症状別 漢方の教え

KAMPO KNOWLEDGE
更新日:2021/10/11 (月)

菊芋とは

「菊芋」と聞くと、じゃが芋やさつま芋といった芋類なのかなと想像しがちですが、実はキク科ヒマワリ属の多年草で、その根っこの部分を使用します。
北アメリカ原産で、栄養価が高くインディアンが食べていたとか。
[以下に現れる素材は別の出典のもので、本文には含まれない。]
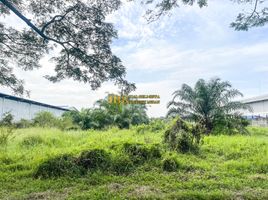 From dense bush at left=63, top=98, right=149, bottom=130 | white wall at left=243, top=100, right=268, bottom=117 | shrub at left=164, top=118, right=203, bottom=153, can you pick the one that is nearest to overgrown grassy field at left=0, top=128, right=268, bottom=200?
shrub at left=164, top=118, right=203, bottom=153

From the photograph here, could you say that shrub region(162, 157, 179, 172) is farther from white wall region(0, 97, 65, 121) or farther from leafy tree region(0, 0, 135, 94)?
white wall region(0, 97, 65, 121)

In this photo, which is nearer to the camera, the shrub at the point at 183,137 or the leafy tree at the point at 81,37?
the leafy tree at the point at 81,37

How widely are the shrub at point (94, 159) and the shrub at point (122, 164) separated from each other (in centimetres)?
14

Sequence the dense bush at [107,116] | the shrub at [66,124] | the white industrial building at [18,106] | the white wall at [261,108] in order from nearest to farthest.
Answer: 1. the shrub at [66,124]
2. the dense bush at [107,116]
3. the white industrial building at [18,106]
4. the white wall at [261,108]

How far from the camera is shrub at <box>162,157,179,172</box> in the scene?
620 cm

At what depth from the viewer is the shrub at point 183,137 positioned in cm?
786

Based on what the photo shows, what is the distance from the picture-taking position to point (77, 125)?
59.3 feet

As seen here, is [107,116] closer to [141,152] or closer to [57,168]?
[141,152]

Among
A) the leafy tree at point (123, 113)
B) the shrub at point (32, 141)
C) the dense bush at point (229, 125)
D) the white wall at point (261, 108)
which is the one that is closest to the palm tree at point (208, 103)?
the dense bush at point (229, 125)

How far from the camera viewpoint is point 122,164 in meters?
6.22

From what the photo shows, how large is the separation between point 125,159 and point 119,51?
222 centimetres

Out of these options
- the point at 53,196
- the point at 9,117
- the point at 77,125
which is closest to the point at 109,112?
the point at 77,125

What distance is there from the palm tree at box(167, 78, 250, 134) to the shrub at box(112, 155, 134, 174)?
308 inches

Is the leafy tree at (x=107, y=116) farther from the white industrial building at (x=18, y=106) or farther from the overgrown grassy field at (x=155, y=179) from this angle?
the overgrown grassy field at (x=155, y=179) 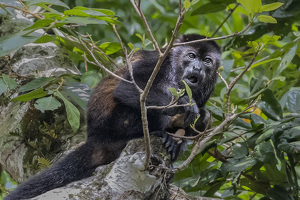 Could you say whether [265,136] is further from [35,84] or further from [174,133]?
[35,84]

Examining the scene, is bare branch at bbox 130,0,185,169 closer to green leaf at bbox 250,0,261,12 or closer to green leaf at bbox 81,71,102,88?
green leaf at bbox 250,0,261,12

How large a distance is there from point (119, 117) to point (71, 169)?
637 mm

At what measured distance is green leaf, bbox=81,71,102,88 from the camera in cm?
295

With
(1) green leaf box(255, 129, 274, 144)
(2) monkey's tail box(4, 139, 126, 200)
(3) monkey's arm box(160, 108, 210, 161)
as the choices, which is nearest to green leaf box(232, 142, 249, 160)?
(1) green leaf box(255, 129, 274, 144)

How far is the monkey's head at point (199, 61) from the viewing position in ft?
9.58

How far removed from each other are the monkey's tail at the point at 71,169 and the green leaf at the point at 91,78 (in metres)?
0.70

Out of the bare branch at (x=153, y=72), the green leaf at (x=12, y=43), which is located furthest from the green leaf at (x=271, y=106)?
the green leaf at (x=12, y=43)

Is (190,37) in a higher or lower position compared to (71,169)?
higher

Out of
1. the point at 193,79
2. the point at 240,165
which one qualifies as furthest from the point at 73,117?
the point at 240,165

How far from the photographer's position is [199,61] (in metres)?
3.08

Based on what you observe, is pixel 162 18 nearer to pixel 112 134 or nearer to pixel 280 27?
pixel 280 27

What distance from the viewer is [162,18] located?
461 cm

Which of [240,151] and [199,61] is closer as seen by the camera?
[240,151]

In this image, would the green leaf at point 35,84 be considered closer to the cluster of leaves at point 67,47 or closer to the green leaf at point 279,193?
the cluster of leaves at point 67,47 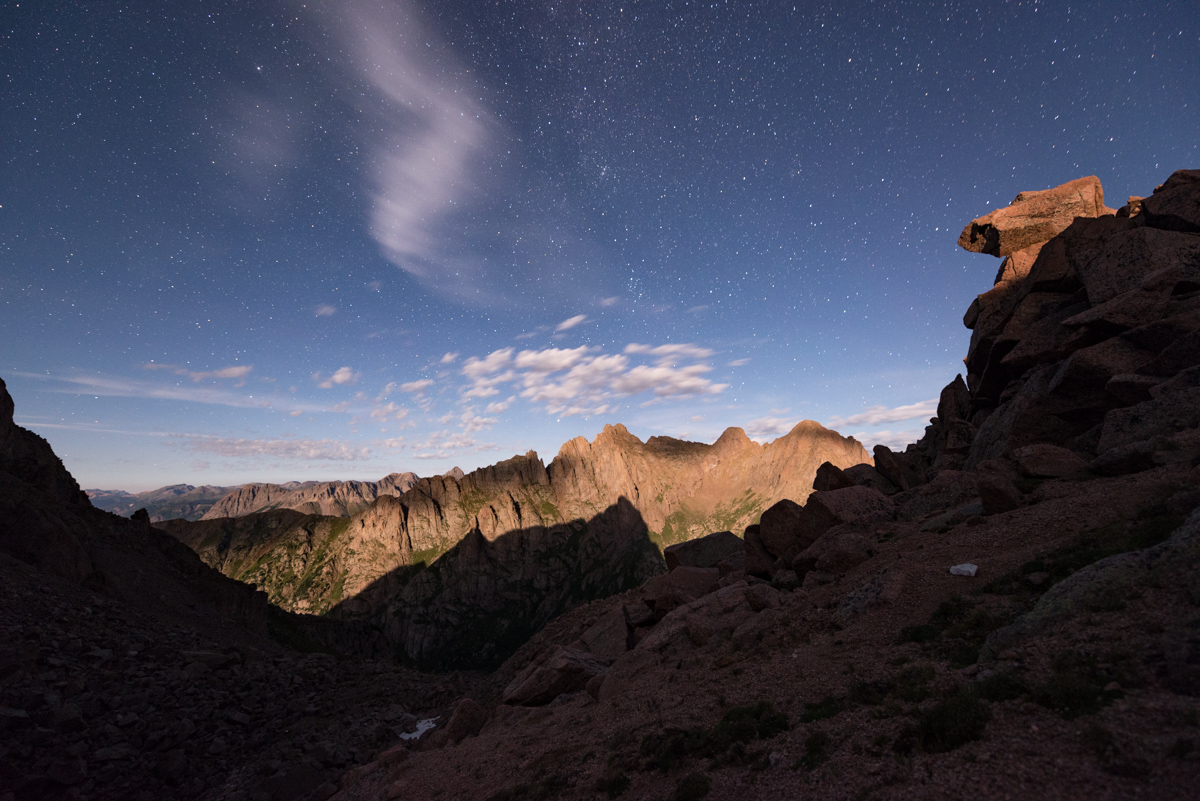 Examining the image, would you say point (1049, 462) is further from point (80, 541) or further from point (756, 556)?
point (80, 541)

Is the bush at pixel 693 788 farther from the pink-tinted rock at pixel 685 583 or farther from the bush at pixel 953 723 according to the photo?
the pink-tinted rock at pixel 685 583

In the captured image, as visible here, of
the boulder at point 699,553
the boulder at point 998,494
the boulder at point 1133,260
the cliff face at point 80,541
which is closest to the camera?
the boulder at point 998,494

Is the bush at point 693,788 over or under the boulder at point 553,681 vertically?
over

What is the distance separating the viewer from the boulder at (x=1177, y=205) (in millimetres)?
26750

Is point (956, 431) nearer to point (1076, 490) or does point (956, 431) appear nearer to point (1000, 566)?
point (1076, 490)

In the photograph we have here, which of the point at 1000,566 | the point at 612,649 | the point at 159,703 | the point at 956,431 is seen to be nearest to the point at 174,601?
the point at 159,703

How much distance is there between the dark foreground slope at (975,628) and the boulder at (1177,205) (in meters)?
0.13

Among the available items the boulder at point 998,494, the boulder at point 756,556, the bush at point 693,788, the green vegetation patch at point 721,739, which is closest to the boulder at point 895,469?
the boulder at point 756,556

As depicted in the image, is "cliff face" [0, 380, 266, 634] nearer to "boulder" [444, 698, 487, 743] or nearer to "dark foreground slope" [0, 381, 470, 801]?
"dark foreground slope" [0, 381, 470, 801]

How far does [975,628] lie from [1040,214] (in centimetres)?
4347

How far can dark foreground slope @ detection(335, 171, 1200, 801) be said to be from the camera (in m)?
8.17

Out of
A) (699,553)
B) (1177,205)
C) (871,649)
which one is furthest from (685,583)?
(1177,205)

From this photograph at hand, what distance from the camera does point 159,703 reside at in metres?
25.5

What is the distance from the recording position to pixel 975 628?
12.8 metres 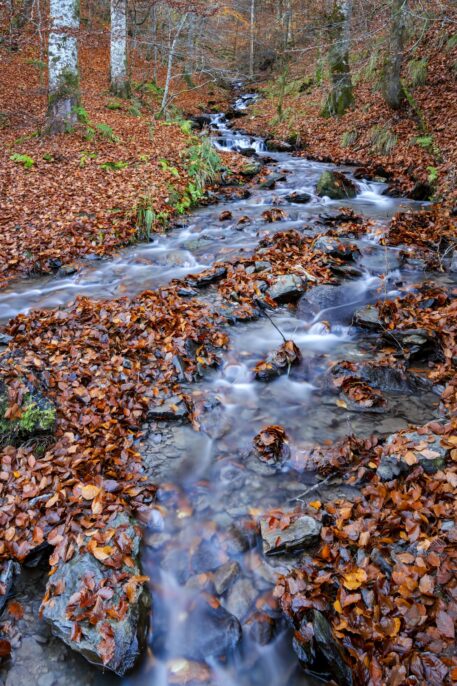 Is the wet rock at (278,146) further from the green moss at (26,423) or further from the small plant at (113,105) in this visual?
the green moss at (26,423)

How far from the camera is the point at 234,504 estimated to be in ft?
13.2

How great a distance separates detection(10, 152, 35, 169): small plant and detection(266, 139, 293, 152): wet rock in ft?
32.0

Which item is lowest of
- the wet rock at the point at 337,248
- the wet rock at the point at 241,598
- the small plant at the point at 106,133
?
the wet rock at the point at 241,598

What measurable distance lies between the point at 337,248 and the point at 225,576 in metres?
6.43

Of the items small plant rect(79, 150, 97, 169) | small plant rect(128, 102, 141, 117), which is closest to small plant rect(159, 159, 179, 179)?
small plant rect(79, 150, 97, 169)

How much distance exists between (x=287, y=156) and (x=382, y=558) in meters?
15.8

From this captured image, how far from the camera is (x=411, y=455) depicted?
3.55 metres

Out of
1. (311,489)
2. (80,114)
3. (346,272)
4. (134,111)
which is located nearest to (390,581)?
(311,489)

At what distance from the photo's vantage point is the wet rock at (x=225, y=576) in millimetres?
3396

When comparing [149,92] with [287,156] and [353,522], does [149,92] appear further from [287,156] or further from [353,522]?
[353,522]

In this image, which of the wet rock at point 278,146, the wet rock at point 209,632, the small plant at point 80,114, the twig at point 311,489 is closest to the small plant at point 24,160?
the small plant at point 80,114

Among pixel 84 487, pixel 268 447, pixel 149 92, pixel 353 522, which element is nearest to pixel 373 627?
pixel 353 522

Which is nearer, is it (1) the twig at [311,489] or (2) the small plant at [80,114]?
(1) the twig at [311,489]

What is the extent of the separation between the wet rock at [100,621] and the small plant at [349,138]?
15.1 m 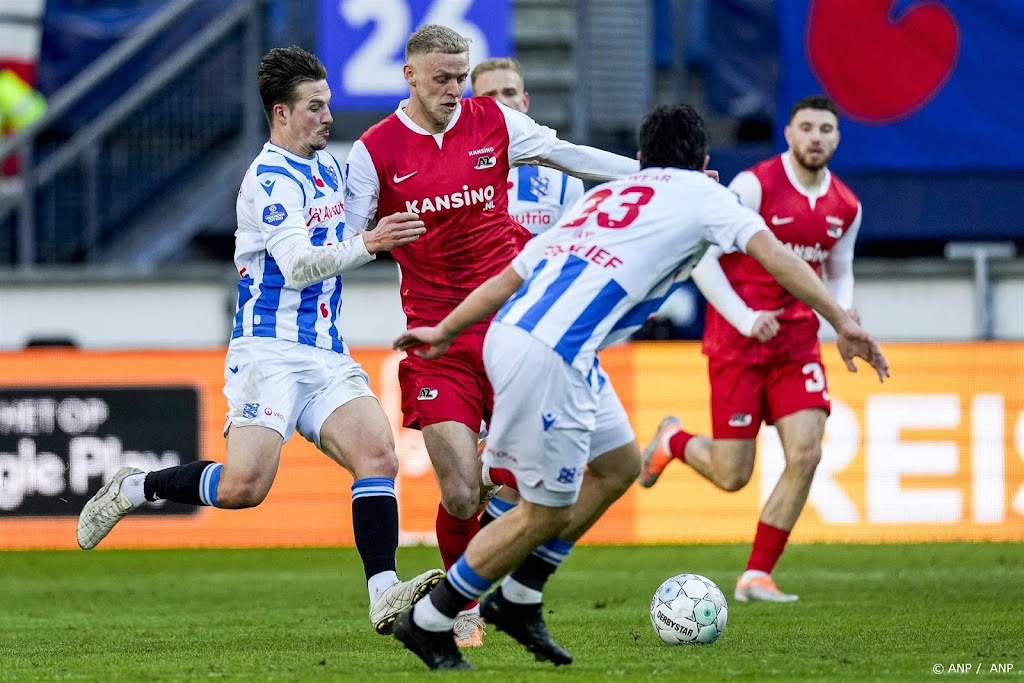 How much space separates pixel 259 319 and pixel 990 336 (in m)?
8.58

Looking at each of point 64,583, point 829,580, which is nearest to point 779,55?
point 829,580

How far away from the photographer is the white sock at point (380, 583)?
6895mm

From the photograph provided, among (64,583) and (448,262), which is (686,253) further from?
(64,583)

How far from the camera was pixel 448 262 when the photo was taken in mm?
7531

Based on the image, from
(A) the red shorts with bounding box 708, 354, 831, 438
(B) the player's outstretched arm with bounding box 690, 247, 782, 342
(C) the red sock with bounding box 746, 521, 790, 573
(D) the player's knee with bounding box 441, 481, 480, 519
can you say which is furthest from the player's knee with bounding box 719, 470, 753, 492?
(D) the player's knee with bounding box 441, 481, 480, 519

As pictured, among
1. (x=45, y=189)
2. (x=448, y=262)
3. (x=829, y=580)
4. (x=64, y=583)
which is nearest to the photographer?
(x=448, y=262)

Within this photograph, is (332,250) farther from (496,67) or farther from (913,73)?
(913,73)

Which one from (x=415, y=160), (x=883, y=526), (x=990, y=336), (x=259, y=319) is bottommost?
(x=883, y=526)

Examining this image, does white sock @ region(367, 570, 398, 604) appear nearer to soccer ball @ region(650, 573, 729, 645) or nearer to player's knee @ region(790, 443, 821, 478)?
soccer ball @ region(650, 573, 729, 645)

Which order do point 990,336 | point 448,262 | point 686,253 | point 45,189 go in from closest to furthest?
point 686,253 < point 448,262 < point 990,336 < point 45,189

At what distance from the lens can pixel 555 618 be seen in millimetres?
8633

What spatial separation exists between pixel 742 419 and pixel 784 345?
0.48 metres

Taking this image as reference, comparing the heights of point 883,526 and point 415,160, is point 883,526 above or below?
below

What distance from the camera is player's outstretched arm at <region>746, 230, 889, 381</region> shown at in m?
6.16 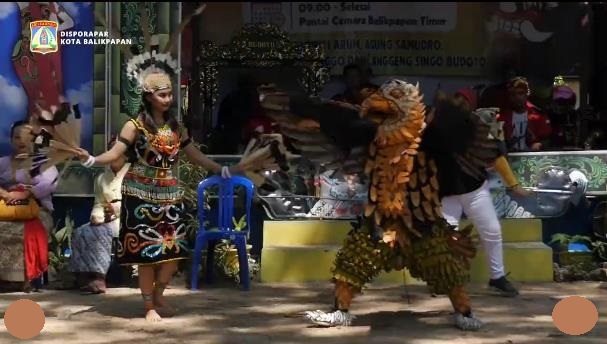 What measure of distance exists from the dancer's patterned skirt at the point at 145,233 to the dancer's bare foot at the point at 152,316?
1.14 feet

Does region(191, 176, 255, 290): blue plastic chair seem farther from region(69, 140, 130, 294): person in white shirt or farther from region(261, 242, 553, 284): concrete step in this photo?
region(69, 140, 130, 294): person in white shirt

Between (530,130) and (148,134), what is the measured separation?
4655mm

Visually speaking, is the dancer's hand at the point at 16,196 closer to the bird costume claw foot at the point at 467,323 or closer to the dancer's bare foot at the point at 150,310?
the dancer's bare foot at the point at 150,310

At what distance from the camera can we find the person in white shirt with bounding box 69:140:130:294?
24.8ft

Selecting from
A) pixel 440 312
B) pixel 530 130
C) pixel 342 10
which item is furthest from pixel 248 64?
pixel 440 312

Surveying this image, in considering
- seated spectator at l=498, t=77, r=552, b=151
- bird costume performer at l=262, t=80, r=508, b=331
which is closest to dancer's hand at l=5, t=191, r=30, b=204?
bird costume performer at l=262, t=80, r=508, b=331

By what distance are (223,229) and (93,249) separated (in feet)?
3.49

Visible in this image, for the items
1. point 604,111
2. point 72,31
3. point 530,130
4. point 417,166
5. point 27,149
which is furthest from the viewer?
point 604,111

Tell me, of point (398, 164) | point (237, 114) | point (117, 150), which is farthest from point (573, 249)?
point (117, 150)

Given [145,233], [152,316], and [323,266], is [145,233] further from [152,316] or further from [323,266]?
[323,266]

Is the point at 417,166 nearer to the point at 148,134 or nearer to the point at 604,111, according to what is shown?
the point at 148,134

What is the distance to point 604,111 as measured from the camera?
1029cm

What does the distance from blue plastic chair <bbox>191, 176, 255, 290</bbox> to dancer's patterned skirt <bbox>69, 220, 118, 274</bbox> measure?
2.34ft

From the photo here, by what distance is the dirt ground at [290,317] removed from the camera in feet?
19.2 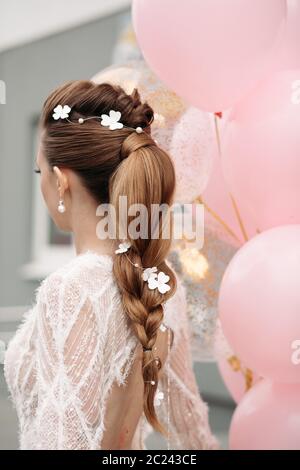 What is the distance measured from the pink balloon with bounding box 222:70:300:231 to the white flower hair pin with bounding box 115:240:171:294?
0.34 m

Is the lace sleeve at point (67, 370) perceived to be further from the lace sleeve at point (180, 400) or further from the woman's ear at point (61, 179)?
the lace sleeve at point (180, 400)

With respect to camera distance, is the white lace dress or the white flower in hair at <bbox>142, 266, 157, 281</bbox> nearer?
the white lace dress

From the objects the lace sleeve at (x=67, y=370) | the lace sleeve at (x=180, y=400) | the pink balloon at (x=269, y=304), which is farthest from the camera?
the lace sleeve at (x=180, y=400)

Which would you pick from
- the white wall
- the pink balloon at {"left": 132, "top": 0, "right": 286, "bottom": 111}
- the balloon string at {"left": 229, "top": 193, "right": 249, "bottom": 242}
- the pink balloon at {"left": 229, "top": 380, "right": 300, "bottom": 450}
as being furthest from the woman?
the white wall

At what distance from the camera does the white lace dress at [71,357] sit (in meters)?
1.06

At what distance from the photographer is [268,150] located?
136 centimetres

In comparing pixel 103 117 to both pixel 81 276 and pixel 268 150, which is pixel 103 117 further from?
pixel 268 150

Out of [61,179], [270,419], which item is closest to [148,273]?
[61,179]

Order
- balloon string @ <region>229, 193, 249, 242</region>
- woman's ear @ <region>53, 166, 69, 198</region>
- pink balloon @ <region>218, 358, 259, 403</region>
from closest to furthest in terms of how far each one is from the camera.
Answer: woman's ear @ <region>53, 166, 69, 198</region>, balloon string @ <region>229, 193, 249, 242</region>, pink balloon @ <region>218, 358, 259, 403</region>

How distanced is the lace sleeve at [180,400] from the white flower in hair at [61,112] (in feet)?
1.70

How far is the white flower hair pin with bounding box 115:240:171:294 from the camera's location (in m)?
1.16

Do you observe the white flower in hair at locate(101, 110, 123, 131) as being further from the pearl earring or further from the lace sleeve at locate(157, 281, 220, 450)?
the lace sleeve at locate(157, 281, 220, 450)

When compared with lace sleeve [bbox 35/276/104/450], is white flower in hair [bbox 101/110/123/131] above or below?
above

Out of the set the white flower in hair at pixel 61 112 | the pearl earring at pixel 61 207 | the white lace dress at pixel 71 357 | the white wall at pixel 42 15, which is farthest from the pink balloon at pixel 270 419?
the white wall at pixel 42 15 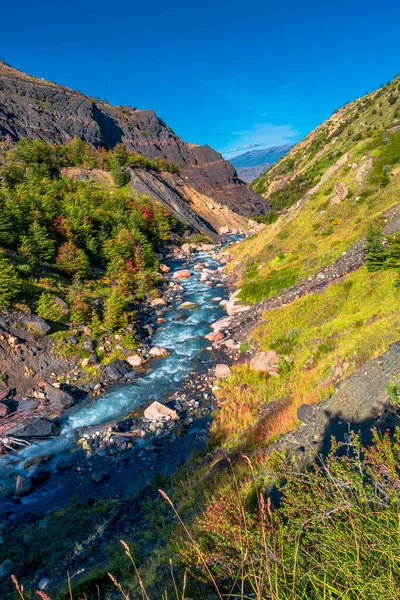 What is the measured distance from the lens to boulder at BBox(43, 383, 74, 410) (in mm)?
16672

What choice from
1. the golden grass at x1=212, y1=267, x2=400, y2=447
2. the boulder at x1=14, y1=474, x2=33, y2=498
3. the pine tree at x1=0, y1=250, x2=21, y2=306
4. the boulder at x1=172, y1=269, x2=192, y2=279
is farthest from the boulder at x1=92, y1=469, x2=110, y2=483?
the boulder at x1=172, y1=269, x2=192, y2=279

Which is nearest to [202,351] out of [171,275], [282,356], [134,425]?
[282,356]

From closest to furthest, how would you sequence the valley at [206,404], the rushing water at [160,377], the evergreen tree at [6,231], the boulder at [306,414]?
the valley at [206,404]
the boulder at [306,414]
the rushing water at [160,377]
the evergreen tree at [6,231]

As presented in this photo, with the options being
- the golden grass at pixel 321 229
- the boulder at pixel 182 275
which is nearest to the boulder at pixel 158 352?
the golden grass at pixel 321 229

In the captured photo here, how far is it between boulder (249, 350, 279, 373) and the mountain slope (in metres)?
82.7

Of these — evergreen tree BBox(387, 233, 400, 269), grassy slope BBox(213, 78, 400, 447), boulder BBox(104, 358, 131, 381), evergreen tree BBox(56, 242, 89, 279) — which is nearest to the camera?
grassy slope BBox(213, 78, 400, 447)

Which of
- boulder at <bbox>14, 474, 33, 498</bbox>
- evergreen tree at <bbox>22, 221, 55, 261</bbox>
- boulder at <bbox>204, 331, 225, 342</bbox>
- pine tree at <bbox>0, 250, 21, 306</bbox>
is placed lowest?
boulder at <bbox>14, 474, 33, 498</bbox>

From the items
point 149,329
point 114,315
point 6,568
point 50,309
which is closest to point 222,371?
point 149,329

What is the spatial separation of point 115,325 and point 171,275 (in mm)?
19334

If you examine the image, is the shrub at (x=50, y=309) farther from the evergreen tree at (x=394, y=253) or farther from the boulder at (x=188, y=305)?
the evergreen tree at (x=394, y=253)

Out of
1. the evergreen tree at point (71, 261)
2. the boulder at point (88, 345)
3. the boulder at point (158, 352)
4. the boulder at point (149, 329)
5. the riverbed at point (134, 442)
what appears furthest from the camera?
the evergreen tree at point (71, 261)

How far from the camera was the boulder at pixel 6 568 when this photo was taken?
27.0ft

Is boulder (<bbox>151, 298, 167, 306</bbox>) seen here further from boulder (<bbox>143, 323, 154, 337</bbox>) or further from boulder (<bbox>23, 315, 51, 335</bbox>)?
boulder (<bbox>23, 315, 51, 335</bbox>)

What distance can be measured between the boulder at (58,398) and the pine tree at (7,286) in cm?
732
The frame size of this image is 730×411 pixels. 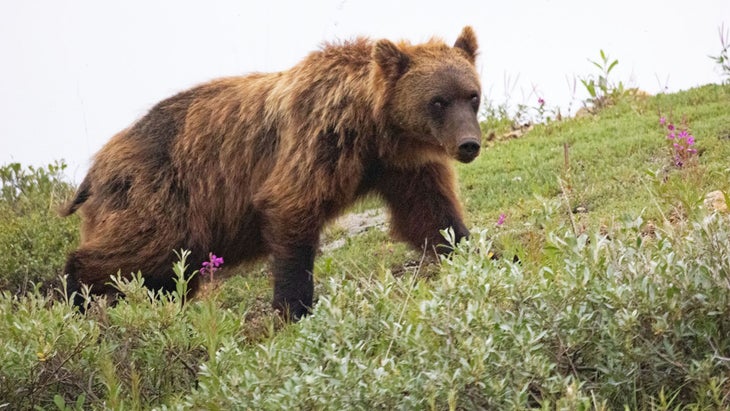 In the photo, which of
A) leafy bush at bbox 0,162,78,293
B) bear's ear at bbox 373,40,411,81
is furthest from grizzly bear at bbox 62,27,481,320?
leafy bush at bbox 0,162,78,293

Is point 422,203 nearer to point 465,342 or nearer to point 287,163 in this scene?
point 287,163

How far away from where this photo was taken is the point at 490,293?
379cm

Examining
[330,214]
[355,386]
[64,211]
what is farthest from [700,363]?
[64,211]

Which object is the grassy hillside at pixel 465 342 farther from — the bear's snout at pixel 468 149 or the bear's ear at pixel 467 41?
the bear's ear at pixel 467 41

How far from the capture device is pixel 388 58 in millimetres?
6840

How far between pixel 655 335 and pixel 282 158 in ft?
12.4

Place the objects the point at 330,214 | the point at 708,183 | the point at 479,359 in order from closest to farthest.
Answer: the point at 479,359
the point at 330,214
the point at 708,183

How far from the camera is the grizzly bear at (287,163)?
264 inches

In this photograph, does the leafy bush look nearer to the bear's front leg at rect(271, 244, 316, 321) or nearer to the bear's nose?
the bear's front leg at rect(271, 244, 316, 321)

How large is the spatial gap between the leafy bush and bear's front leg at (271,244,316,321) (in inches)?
94.1

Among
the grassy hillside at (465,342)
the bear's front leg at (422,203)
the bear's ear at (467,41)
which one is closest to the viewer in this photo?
the grassy hillside at (465,342)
非常食や薬用ハーブとして用いられ、日本へは幕末・明治初頭に伝わり、戦後に広く普及したそうです。

生活習慣病が増加している現在では「天然のインスリン」と呼ばれ、再び注目されている植物です。

菊芋の主成分「イヌリン」は水溶性食物繊維のひとつです。
腸内細菌のエサになり善玉菌を増やしたり、血糖値の上昇を緩やかにしたり、脂肪の吸収を抑えたりする働きがあると言われています。
体内でゲル状になるので満腹感を得られたり、食欲中枢に作用して食欲を抑制するホルモンを分泌するなどの働きも報告されています。

イヌリン以外にも、ポリフェノールやビタミンB群、亜鉛、セレン、サポニン、ペクチンや必須アミノ酸など、天然のサプリメントと呼べるほど、栄養素が豊富に含まれています。

菊芋やその関連商品は、道の駅などでも見かけることがあります。
菊芋自体が天然のものなので、見た目は同じでも、含まれているイヌリンの量はどうしても異なります。
そのため、期待する効果にも差が出てしまいます。
ご購入の際には、イヌリンの量がしっかり入っているのか?ということにも注目して選んでいただくとよいと思います。